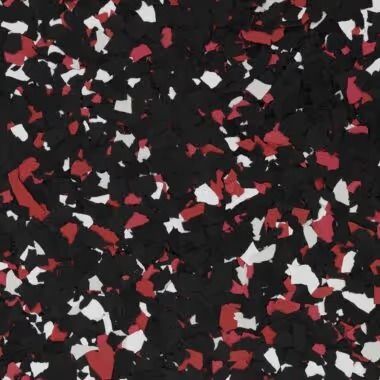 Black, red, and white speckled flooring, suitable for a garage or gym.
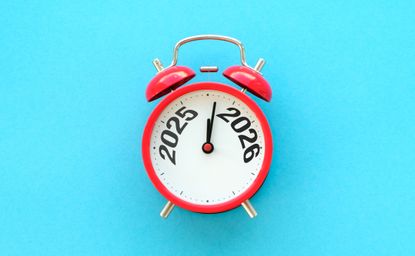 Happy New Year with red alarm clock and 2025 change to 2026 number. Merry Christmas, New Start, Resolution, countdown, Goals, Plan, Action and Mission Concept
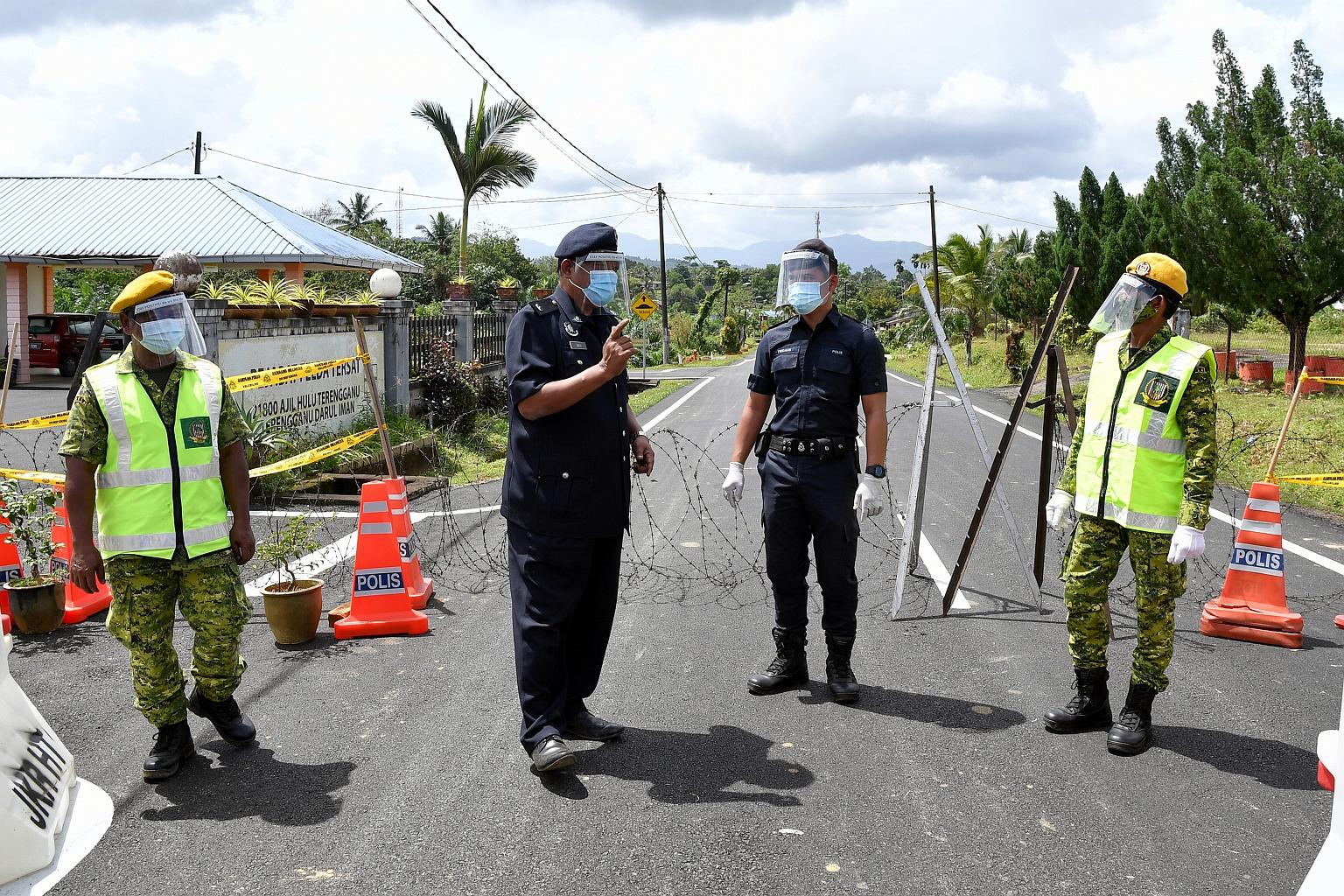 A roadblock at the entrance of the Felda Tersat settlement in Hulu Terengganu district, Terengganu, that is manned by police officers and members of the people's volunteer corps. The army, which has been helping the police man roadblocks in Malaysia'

» EXERCISE OBJECTIVE
Make an exact copy of the data above, pictures excluded.

» RESULT FOR THIS EXERCISE
 Black, red, and white speckled flooring, suitable for a garage or gym.
 Happy New Year with red alarm clock and 2025 change to 2026 number. Merry Christmas, New Start, Resolution, countdown, Goals, Plan, Action and Mission Concept
 A roadblock at the entrance of the Felda Tersat settlement in Hulu Terengganu district, Terengganu, that is manned by police officers and members of the people's volunteer corps. The army, which has been helping the police man roadblocks in Malaysia'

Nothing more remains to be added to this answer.